- [Task requirements]:
Start at the line below containing "Wrapables Large &" and stop at the line containing "Poster wall art". Repeat every line of that stretch exactly, and nothing outside it.

*** Opening Records supplied ***

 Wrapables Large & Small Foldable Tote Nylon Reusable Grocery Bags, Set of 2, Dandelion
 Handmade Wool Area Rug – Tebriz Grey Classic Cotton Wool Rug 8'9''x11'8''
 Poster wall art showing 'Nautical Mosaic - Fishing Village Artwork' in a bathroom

*** Closing Records supplied ***
*** Opening Records supplied ***

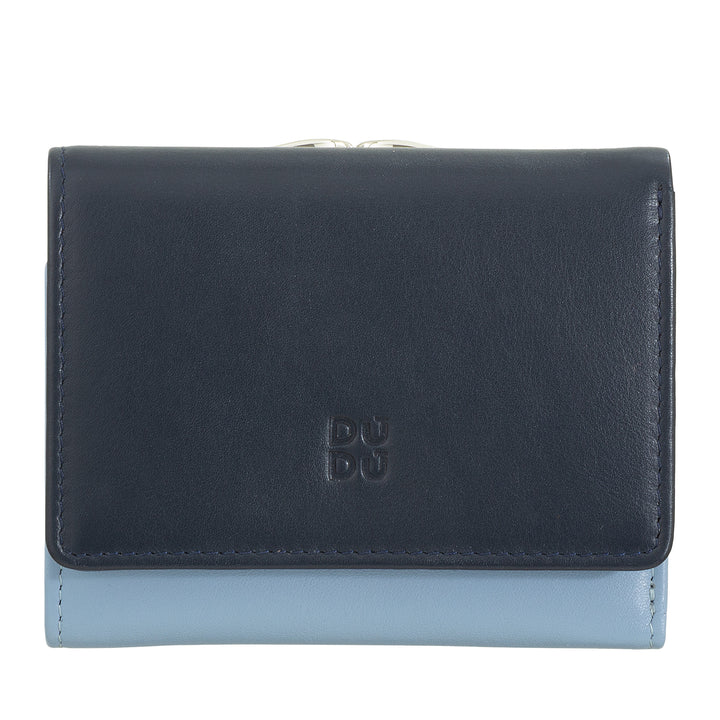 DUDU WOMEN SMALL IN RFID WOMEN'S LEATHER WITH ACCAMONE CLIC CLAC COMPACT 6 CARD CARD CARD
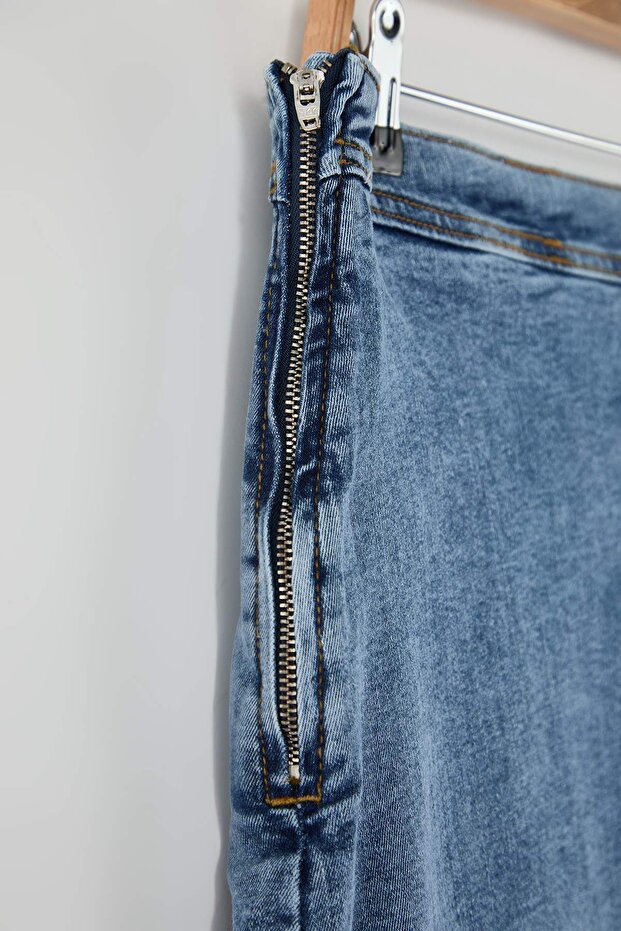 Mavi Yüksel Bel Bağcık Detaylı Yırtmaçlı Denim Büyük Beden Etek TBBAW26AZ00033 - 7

*** Closing Records supplied ***

- [Task output]:
 Wrapables Large & Small Foldable Tote Nylon Reusable Grocery Bags, Set of 2, Dandelion
 Handmade Wool Area Rug – Tebriz Grey Classic Cotton Wool Rug 8'9''x11'8''
 Poster wall art showing 'Nautical Mosaic - Fishing Village Artwork' in a bathroom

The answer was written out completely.